* [Assignment]:
Beneath this line sits some data. Return only its lines from the one holding "perfect anatomy, masterpiece:1.2, best" through the one holding "XL Enclosed Stainless", inclusive, exactly, with the images removed.

* [Materials provided]:
=== Section Start ===
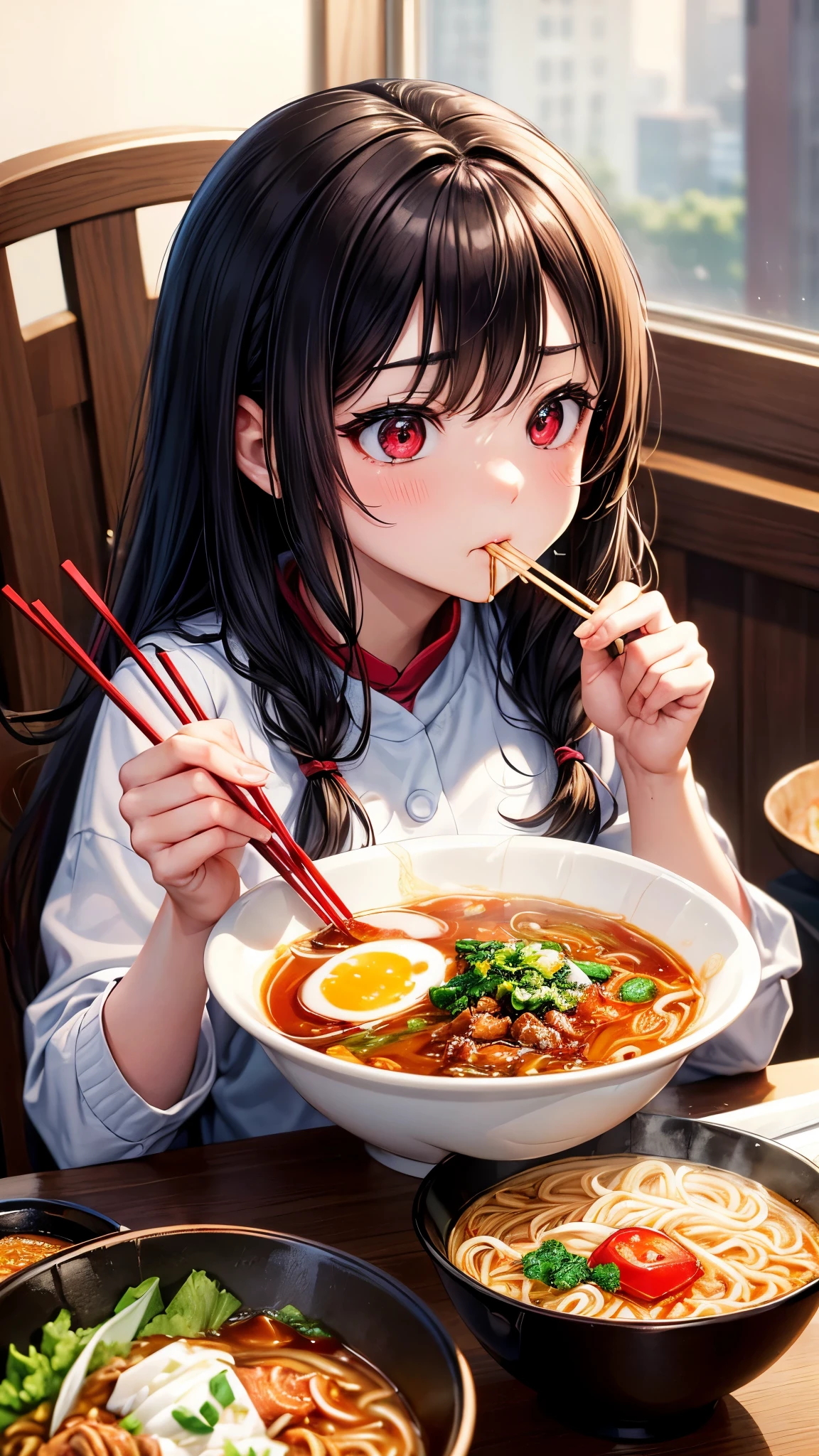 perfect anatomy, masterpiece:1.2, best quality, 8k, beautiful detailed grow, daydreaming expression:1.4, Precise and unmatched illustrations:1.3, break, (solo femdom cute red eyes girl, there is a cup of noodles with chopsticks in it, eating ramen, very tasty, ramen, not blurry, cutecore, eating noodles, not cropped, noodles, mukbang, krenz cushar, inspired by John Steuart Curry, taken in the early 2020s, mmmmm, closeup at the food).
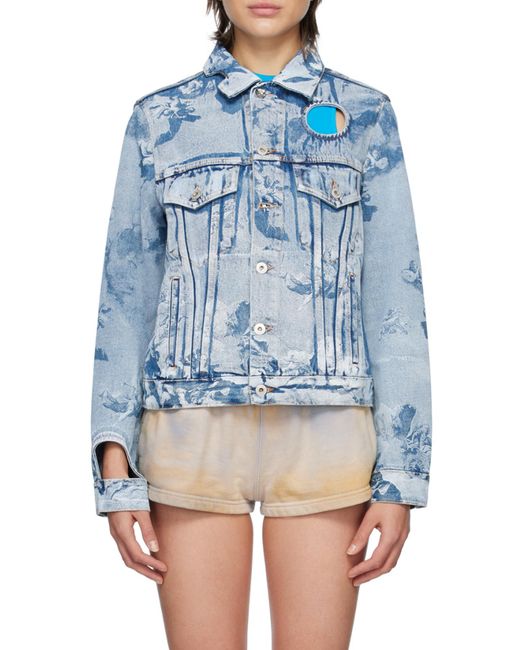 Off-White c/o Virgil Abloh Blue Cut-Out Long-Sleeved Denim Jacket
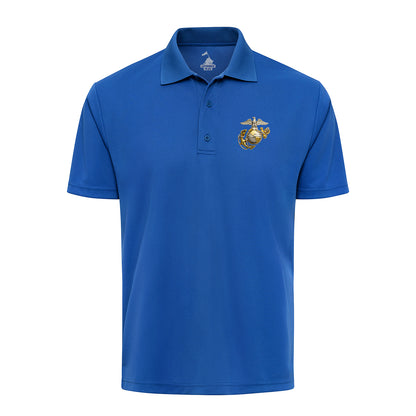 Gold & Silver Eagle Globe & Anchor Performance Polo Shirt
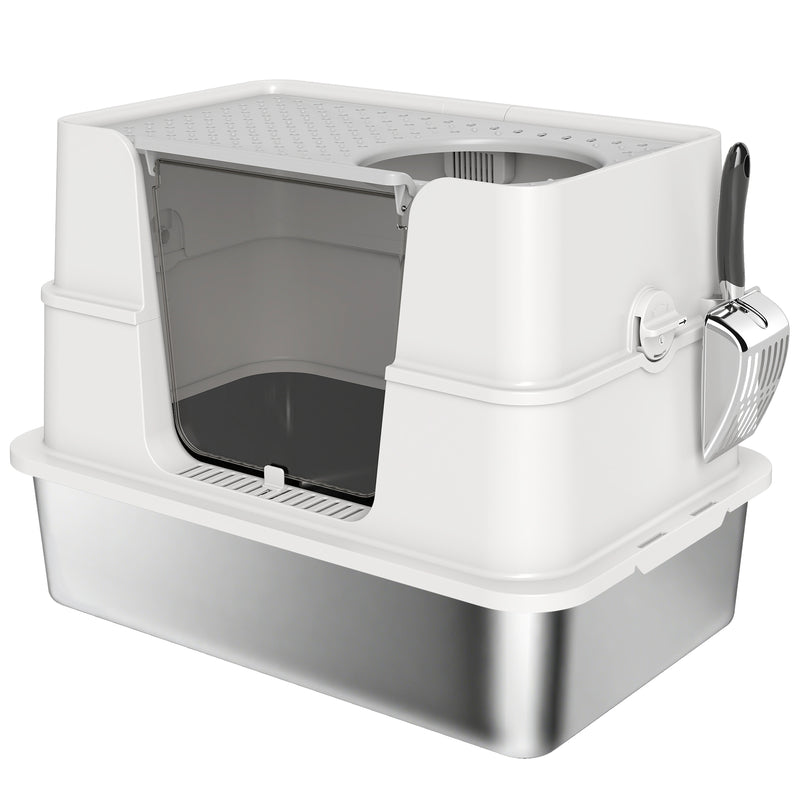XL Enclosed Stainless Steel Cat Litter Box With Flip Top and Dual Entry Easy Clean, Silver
=== Section End ===
=== Section Start ===
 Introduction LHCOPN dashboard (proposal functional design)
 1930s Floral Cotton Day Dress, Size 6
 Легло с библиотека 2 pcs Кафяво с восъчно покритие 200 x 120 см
=== Section End ===
=== Section Start ===
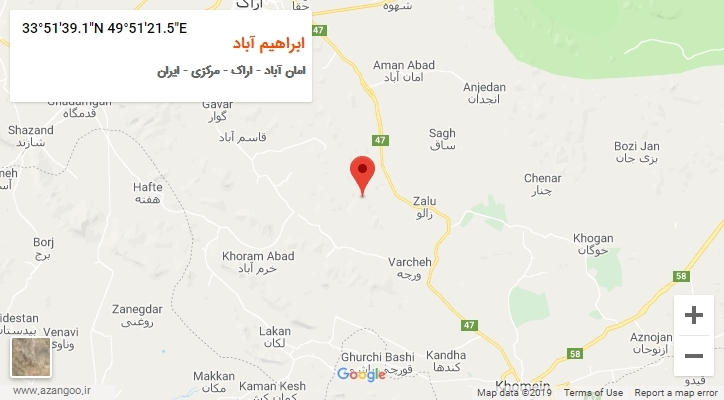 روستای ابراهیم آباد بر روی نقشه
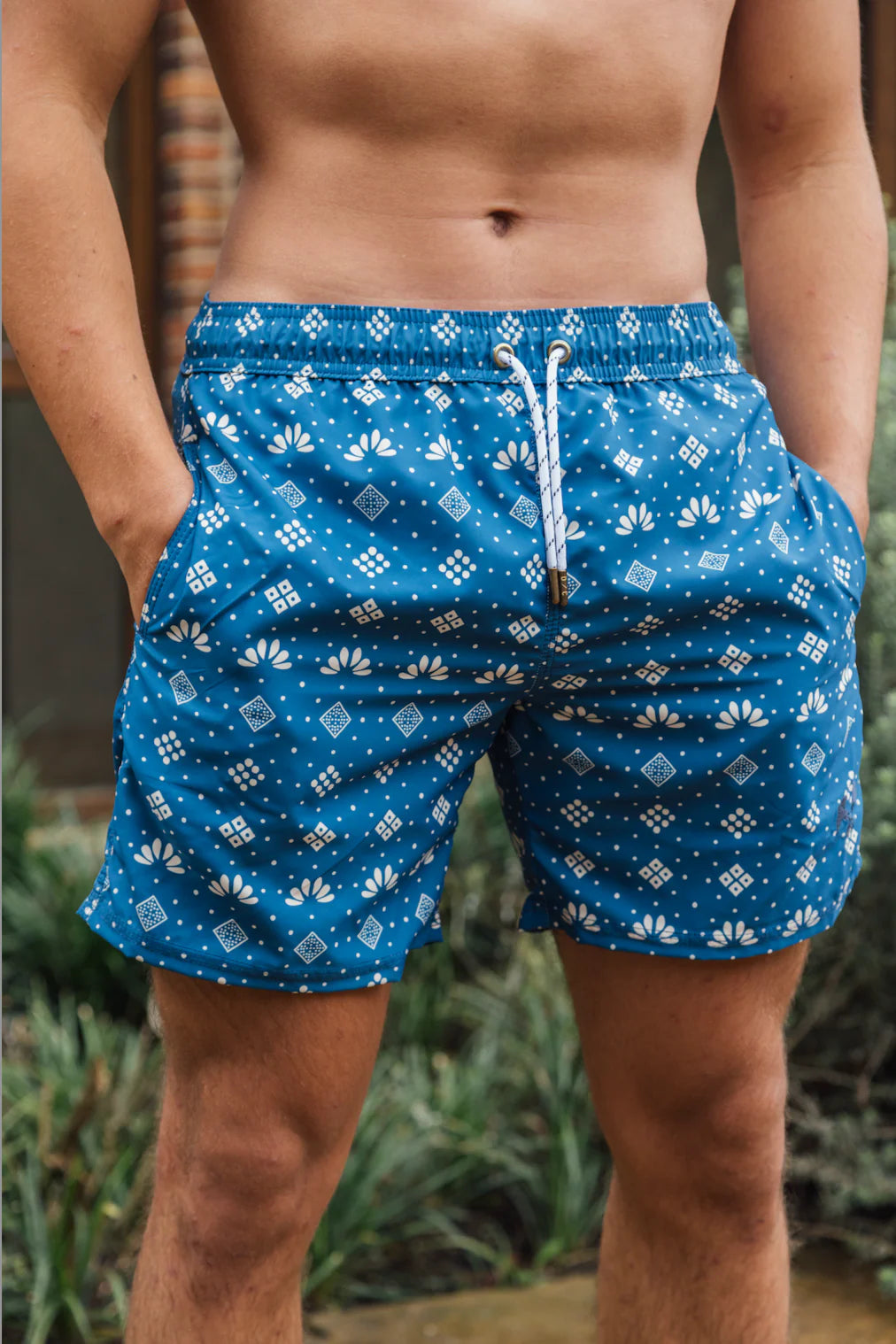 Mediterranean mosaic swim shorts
=== Section End ===
* [Answer section]:
 perfect anatomy, masterpiece:1.2, best quality, 8k, beautiful detailed grow, daydreaming expression:1.4, Precise and unmatched illustrations:1.3, break, (solo femdom cute red eyes girl, there is a cup of noodles with chopsticks in it, eating ramen, very tasty, ramen, not blurry, cutecore, eating noodles, not cropped, noodles, mukbang, krenz cushar, inspired by John Steuart Curry, taken in the early 2020s, mmmmm, closeup at the food).
 Off-White c/o Virgil Abloh Blue Cut-Out Long-Sleeved Denim Jacket
 Gold & Silver Eagle Globe & Anchor Performance Polo Shirt
XL Enclosed Stainless Steel Cat Litter Box With Flip Top and Dual Entry Easy Clean, Silver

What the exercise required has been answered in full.